Both groups were similar in demographics. 45.6% of patients had FoG, which was present at onset and increased with disease duration. There were no between-group significant associations between FoG and visual disturbances, executive function and overall cognition, but on univariate analyses, FoG was significantly associated with bradykinesia, rigidity, gait, and posture. In the multivariate model FoG was associated with disease duration and speech.

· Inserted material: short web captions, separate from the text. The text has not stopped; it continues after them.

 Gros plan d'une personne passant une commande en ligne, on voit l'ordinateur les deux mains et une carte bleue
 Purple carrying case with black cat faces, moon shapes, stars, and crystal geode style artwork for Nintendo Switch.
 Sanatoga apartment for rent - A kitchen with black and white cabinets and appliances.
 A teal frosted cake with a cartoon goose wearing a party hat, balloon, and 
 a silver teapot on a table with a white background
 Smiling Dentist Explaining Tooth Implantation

Our findings indicate that disease duration and speech have the most significant association with FoG. These findings may suggest that FoG and speech difficulties in PSP share a similar pathophysiology.

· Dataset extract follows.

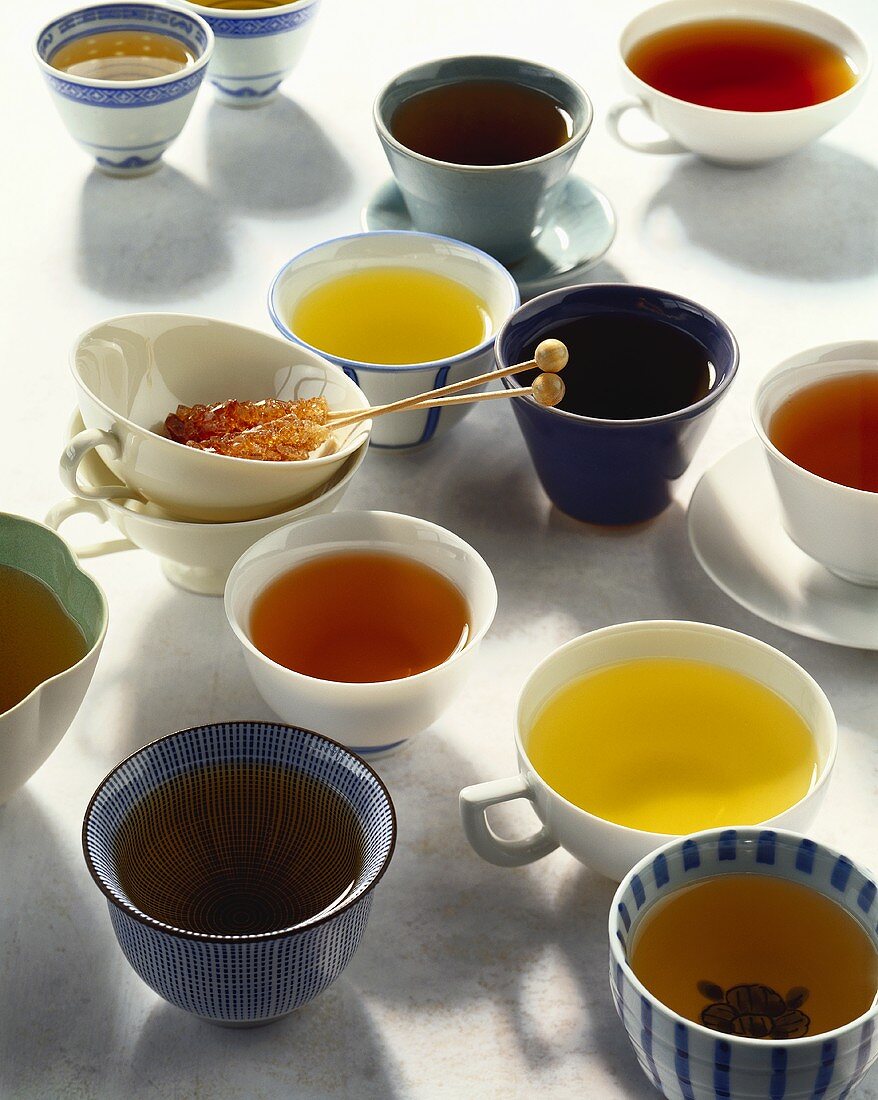 Verschiedene Tees in Schälchen und Tassen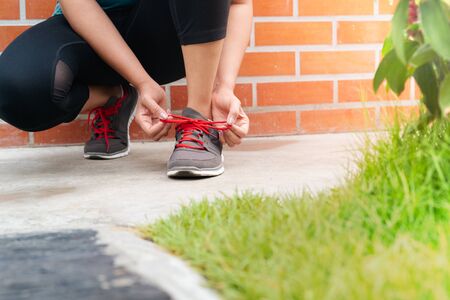 sport woman tying shoelace before running, outdoor activitiesの写真素材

冻结步态(FoG)可导致跌倒并降低生活质量,但关于进行性核上性麻痹(PSP)中的 FoG 知之甚少。本研究旨在确定与 PSP 患者 FoG 相关的临床参数。
349 名符合国家神经疾病与卒中研究所- PSP(NINDS-SPSP)临床诊断标准的患者被分为两组:有 FoG 的 PSP(n=159)和无 FoG 的 PSP(n=190)。为了确定 PSP 中的 FoG 是否与人口统计学、运动表现、视力困难和执行功能有关,我们使用了额叶评估量表(FAB)、Mattis 痴呆评定量表(DRS)、统一帕金森病评定量表(UPDRS)、PSP 评定量表(PSPRS)、改良 Hoehn 和 Yahr 分期以及 Schwab 和 England 日常生活活动量表(S&EADL)。使用 UPDRS 来识别 FoG。在单变量逻辑回归分析中 p 值<0.05 的各个临床评估的单项均被纳入向后逐步多元回归分析。
两组患者在人口统计学方面相似。45.6%的患者有 FoG,其在发病时出现并随疾病持续时间而增加。FoG 与视觉障碍、执行功能和整体认知之间无组间显著关联,但在单变量分析中,FoG 与运动迟缓、僵硬、步态和姿势显著相关。在多元模型中,FoG 与疾病持续时间和言语相关。
我们的研究结果表明,疾病持续时间和言语与 FoG 具有最显著的关联。这些发现可能表明,PSP 中的 FoG 和言语困难具有相似的病理生理学机制。